NonobviousnessThere are essentially five patentability requirements. In order for a claimed invention to be patented each of these requirements must be satisfied. The claimed invention must be (1) comprised of patent eligible subject matter; (2) useful; (3) novel; (4) nonobvious; and (5) adequately described. The first two of these requirements were recently discussed in Patentability Overview: When can an Invention be Patented? The novelty requirement was recently discussed in Patentability: The Novelty Requirement of 35 U.S.C. 102. This article picks up with our patentability overview and discussed the law associated with the nonobviousness requirement.

The nonobviousness requirement is a critical element to patentability. In essence, even if the applicant can demonstrate patentable subject matter, utility and novelty, the patent will not issue if the invention is trivial. In order to determine if an invention is trivial it is necessary to see if there was motivation in the prior art to do what the inventor has done, or if there is some reasonable expectation that the combination of elements would achieve a successful result. If the prior art does not explicitly, and with identity of elements, teach the invention, the patent applicant may still be thwarted if there are a number of references that, when combined, would produce the claimed invention.
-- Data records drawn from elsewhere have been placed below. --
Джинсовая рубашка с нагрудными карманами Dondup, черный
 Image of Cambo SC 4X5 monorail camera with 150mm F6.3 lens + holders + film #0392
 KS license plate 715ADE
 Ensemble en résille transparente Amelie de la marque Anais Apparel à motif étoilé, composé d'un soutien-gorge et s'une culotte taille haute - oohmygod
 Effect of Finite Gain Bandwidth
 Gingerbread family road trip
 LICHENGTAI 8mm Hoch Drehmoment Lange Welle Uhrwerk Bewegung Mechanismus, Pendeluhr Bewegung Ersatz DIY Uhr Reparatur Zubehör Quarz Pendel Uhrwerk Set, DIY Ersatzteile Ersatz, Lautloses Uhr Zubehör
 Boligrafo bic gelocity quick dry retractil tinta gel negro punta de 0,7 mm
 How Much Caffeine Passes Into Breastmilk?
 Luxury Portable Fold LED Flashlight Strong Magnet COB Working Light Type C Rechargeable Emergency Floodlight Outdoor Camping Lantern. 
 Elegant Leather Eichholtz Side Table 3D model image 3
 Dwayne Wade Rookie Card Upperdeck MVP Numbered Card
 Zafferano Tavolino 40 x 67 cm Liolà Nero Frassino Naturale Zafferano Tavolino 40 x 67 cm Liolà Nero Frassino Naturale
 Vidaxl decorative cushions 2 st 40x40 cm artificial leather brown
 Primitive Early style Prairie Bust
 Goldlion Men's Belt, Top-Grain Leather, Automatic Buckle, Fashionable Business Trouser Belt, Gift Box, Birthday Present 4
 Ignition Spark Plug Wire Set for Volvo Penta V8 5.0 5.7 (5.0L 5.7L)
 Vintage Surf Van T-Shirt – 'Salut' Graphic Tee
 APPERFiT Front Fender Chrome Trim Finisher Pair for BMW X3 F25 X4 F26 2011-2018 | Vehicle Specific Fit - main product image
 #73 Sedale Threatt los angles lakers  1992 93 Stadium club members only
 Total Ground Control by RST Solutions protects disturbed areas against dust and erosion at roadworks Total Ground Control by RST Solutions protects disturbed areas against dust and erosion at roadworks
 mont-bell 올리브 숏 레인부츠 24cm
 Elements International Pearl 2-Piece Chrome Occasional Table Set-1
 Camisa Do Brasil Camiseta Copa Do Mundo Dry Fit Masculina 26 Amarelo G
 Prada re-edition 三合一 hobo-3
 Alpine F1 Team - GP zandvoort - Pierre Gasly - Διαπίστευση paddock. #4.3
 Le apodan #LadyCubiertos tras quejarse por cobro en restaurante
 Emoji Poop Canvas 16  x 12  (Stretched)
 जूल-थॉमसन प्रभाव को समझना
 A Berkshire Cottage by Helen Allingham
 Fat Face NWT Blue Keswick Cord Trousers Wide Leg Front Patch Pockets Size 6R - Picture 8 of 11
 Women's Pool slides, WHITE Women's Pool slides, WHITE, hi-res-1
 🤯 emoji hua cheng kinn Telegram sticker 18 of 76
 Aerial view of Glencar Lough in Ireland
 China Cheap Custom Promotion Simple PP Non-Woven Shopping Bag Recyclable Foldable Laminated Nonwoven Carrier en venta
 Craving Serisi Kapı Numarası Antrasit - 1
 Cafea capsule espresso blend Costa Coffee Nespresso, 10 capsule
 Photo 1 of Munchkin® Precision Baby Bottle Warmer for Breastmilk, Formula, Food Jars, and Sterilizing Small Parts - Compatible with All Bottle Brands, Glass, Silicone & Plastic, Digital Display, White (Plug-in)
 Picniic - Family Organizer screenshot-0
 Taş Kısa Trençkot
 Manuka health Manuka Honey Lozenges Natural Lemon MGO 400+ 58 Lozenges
A patent may not be obtained if it contains only obvious differences from prior art. Today, under the U.S. first to file system, an invention is obvious if the differences between the subject matter sought to be patented and the prior art are such that the subject matter as a whole would have been obvious at the time a patent application is filed describing the invention. This is a major shift from the first to invent laws that applied prior to March 16, 2013, which asked whether at the time the invention was made whether it would have been obvious to a person having ordinary skill in the art to which said subject matter pertains. For more on first to file please see: First to File Means File First! and First to File Becomes Law.

The obviousness inquiry is highly fact specific and not susceptible to per se rules. For example, a patent infringement defendant or one challenging a patent at the Patent Office cannot simply present evidence of anticipation and then say “ditto” to establish obviousness. Nevertheless, for a patent to be nonobvious it must display “ingenuity beyond the compass” of a person of ordinary skill in the art.

In a nutshell, an invention would be obvious when someone knowledgable about the area would look at your invention and consider it to be already known; not exactly but rather known if one were to combine several references.  In other words, the predictable and non-unique combination of what multiple references teach would yield your invention. The prototypical example is when you have invented A+B. A is known in the prior art, and B is known in the prior art. Upon looking at A and then looking at B, would someone of skill in the art consider A+B to be already known? If the answer is yes, then A+B is obvious. If the answer is no, then A+B is not obvious.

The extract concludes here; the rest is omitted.